Возрастные ограничения: +16
сообщить о неприемлемом содержимом
Текущая страница: 4 (всего у книги 22 страниц) [доступный отрывок для чтения: 7 страниц]
Глава 8
Я делаю первый сегодня глоток кофе, сидя за маленьким столиком из кованого железа на балконе квартиры Бена. Хотя доносящийся снизу уличный шум порой раздражает, сегодня он меня успокаивает, отвлекая от шума внутри головы. Пора отправляться на работу, а мне хочется всего лишь заползти в постель.
В постель нельзя, снова начнет сниться… разное. Родители – они еще живы; Бет и я – мы еще молоды и любим друг друга…
Мозг наотрез не желает спать. Стоит голове коснуться подушки, он идет вразнос. Прошлой ночью матушка обругала меня за сломанную гитару Бена: это-де я виноват. А потом она забацала песню, что-то вроде «Звуков музыки». А потом Бет обозвала матушку термитом. Я спросил: может, это ты про меня? Может, это я термит? Прямо перед тем, как я проснулся, Бет превратилась в гигантского насекомого и откусила у матери голову.
В кухонной хлебнице я нахожу недельной давности круассан. От него пахнет плесенью, но другой еды в шкафу нет. Прежде мне никогда не приходилось ходить в магазины за продуктами. Закупками и готовкой всегда занималась Бет. Как у нее дела, кстати? Уже готова поговорить?
В письме она утверждала, что не хочет иметь со мной ничего общего. Видимо, здесь и кроется корень моих ночных кошмаров. Письмо пришло неделю назад.

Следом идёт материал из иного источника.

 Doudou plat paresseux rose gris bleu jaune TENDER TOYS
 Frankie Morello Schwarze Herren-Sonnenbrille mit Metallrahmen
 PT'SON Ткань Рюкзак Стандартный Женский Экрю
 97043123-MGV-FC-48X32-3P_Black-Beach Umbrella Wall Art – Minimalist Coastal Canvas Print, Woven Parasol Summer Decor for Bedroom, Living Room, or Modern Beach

Меня так и подмывало написать ей: проваливай и сама плати за все, если хочешь независимости, – но я удержался.
Ставлю тарелку и кофейную чашку в раковину и отправляюсь в ванную чистить зубы. Голова звенит. Касаюсь затылка, провожу пальцами по шраму, которым одарил меня Гарольд. Отек еще не сошел. Копаюсь в аптечке, которую Бет привезла сюда из дома: пластырь, антисептик, марля – и ничего от головы. Болит зверски; я таращусь на себя в зеркало и прихожу в ужас.

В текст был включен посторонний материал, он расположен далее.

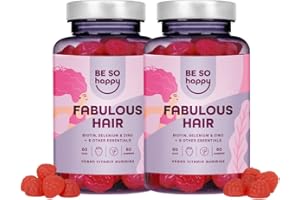 BE SO HAPPY Biotine pour Cheveux | 6000 mcg | Avec Zinc, Sélénium et Vitamines A, B6, B12, C, D, E | Bonbons Goût de Fraise | Approvisionnement de 120 jours | Végétalien, sans Gluten et sans Lactose | BeSoHappy®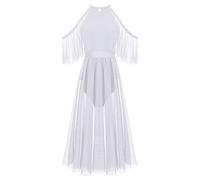 Women Lyrical Dance Costumes Halter Neck Cold Shoulder Mesh Flowy Long Tulle Tutu Skirts Adult Ballet Leotard Gymnastics Bodysuit Dress Latin Salsa Modern Contemporary Ballerina Dancewear White XS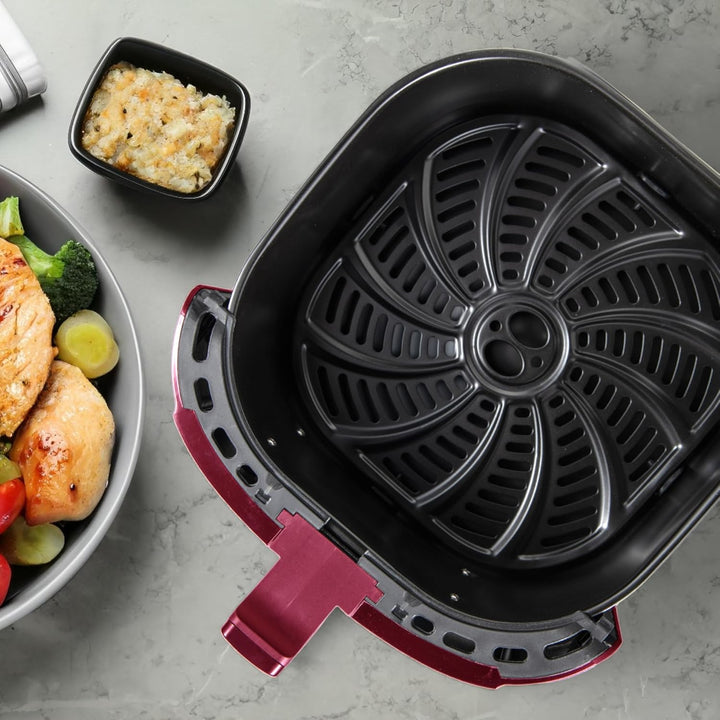 BERGNER MAROON - PFAS-Freie Heissluftfritteuse 1800W 6.9L - 8 Kochprogramme - Air Fryer mit Keramikb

Сижу на краю ванны, по щекам текут слезы. Последний раз я плакал двадцать два года назад, когда одновременно потерял мать и отца. Замерев у могилы, я обнимал Бена, зная, что жизнь никогда не будет прежней.
«Большие мальчики не плачут, Адам».
Стоит вспомнить любимую присказку мамы, голова начинает болеть еще сильнее. Не знаю, что сделала бы сейчас Бет, – возможно, волшебным образом достала бы из кармана обезболивающее; одно я знаю наверняка: она бы все исправила. Точно так же, как наладила мою жизнь тогда, через год после похорон.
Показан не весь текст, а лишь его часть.